4: Rejoice in the Lord always: and again I say, Rejoice.



5: Let your moderation be known unto all men. The Lord is at hand.



6: Be careful for nothing; but in every thing by prayer and supplication with thanksgiving let your requests be made known unto God.



7: And the peace of God, which passeth all understanding, shall keep your hearts and minds through Christ Jesus.



8: Finally, brethren, whatsoever things are true, whatsoever things are honest, whatsoever things are just, whatsoever things are pure, whatsoever things are lovely, whatsoever things are of good report; if there be any virtue, and if there be any praise, think on these things.

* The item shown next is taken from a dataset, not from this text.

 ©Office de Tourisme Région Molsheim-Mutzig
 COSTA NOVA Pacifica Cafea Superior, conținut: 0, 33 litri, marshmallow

Amazing, huh? All week we have been studying on these verses. We have had devotional time with Eve at night before she goes to bed and let's just say it has made the devil MAD! He has come at us full-power and I don't mean just me or just Jason, I mean all three of us! Yesterday, he hit me hard but when I normally would have been quick to react -I wasn't. I felt an ease come about me and I knew that it was just that mean old devil. Last night we went to church and God was there speaking right to me saying "its okay my child, keep going, I'm right here holding your hand". It was all I could do not to stand up and shout like a mad woman! When we got home last night, Eve got out of the shower and started asking me how to spell some words. I didn't notice right off what she was doing but then I caught on. She was writing down Bible verses that God had given her to put in her gym bag. She was writing down things that she knew would help her at her meet this weekend. One being " pray, trust in God to give me strength". How proud I was of my baby to see her trusting in Him. All week, I could see the devil battling Eve. With her attitude, her train of thought, her confidence, but last night (and this morning) she was at such peace. Wearing a God given smile, a heart of hope and confidence for the battle ahead. My heart is overflowing this week. The last couple of meets I have truly dreaded going. I could feel this awful power working to make my daughter fail and to take her joy away. BUT, I am so excited to go watch her this weekend!! I know she is going to have so much fun, and I know that God is going to be there the whole time, holding her little hand. What the devil can take away in a minute our God can restore in a second!



Who am I to be so lucky to have such an amazing Father? Do you know Him? If not, I would love to share my peace with you?